最近、私自身忙しさにかまけ、ウェブサイトの連載コラムを勝手に休んでおりましたが、今年から心を入れ替えて、年四回書かせていただこうと思っております。このコーナーの回数は減りますが、今週の作品やお知らせ、色鍋島今右衛門窯のウェブサイトなど、他の内容を充実させていこうと思っておりますので変わらぬご厚情を宜しくお願いいたします。

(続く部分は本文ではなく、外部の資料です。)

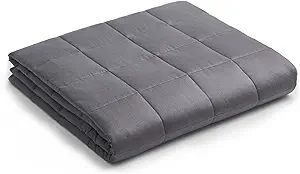 YnM Weighted Blanket — Heavy 100 Percent Oeko-Tex Certified Cotton Material with Premium Glass Beads (Dark Grey, 60''x80'' 17lbs), Suit for One Person(~160lb) Use on Queen/King Bed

京都・鈴木治先生に師事していた頃、轆轤の練習として形を制作し、先生のところで釉薬を掛けてもらい、窯で焼成してもらった瓶である。修行の最初、「轆轤をしてみるか」と言われ、緊張のあまり「はい」と答えたら、「焼物で何を造るにしろ、轆轤は基本だからしておいたほうがええやろなあ」と言われた。「じゃ、何か興味のある古陶器をひとつ決めなさい」と言われ、数日、いろいろな美術館を見て回り、その中から大阪の東洋陶磁美術館の高麗青磁の瓜型瓶の何ともいえない雰囲気にひかれ決めた。

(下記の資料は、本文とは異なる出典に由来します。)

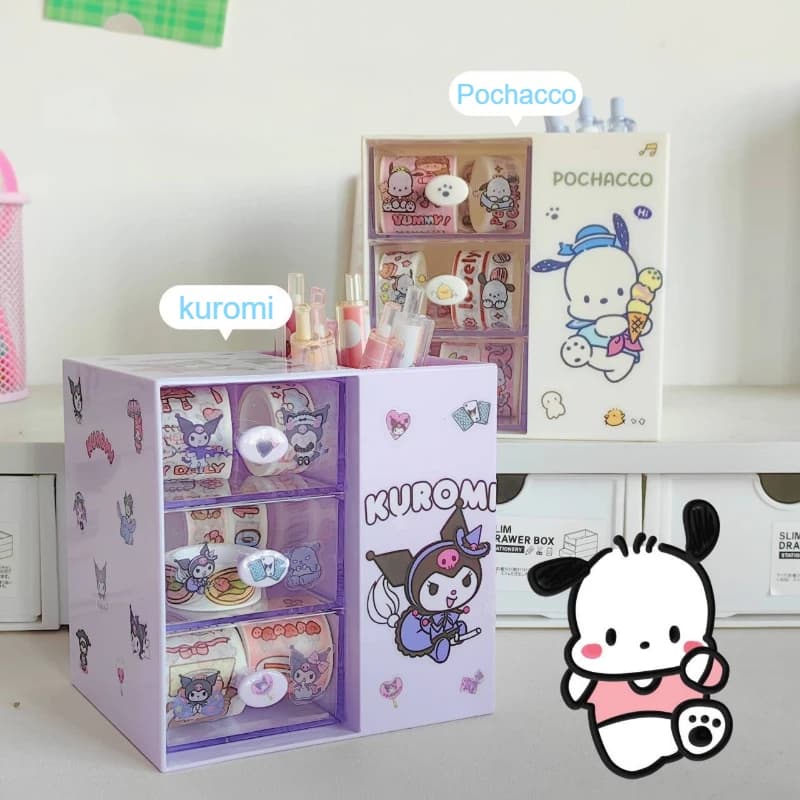 Kuromi Pochacco Desk Organizer,3 Compartment Drawer Pen Holder, Multifunctional Storage Box for School Office Desktop Decoration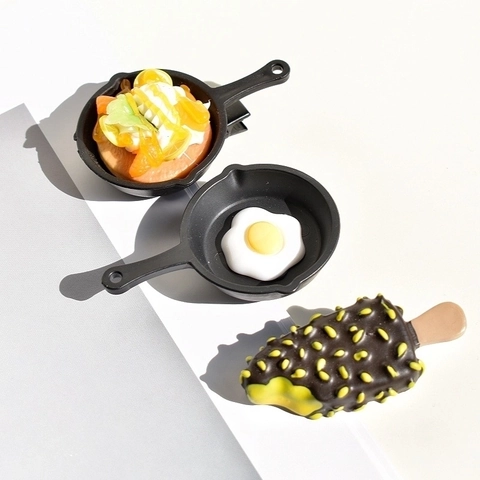 Funny Simulation Food Hair Clips Resin Plastic Fried Egg Pan Ice Cream Shape Bangs Side Duckbill Clips For Women Girls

この昔の瓶に習い、私も口部、胴部、足部と三つに分けて制作し、轆轤でひき終わった時点で凹みなどを造り、半乾きの頃重ねて轆轤にて接合する手順により制作した。先生宅に通っていた一年半のほとんどをその練習に充てていたように思える。この瓶を見ると、その頃を思い出し、なかなかうまくいかず苦労していたことや、先生の轆轤の巧みさや、先生の言葉の一言一言を思い出す記憶の詰まった瓶である。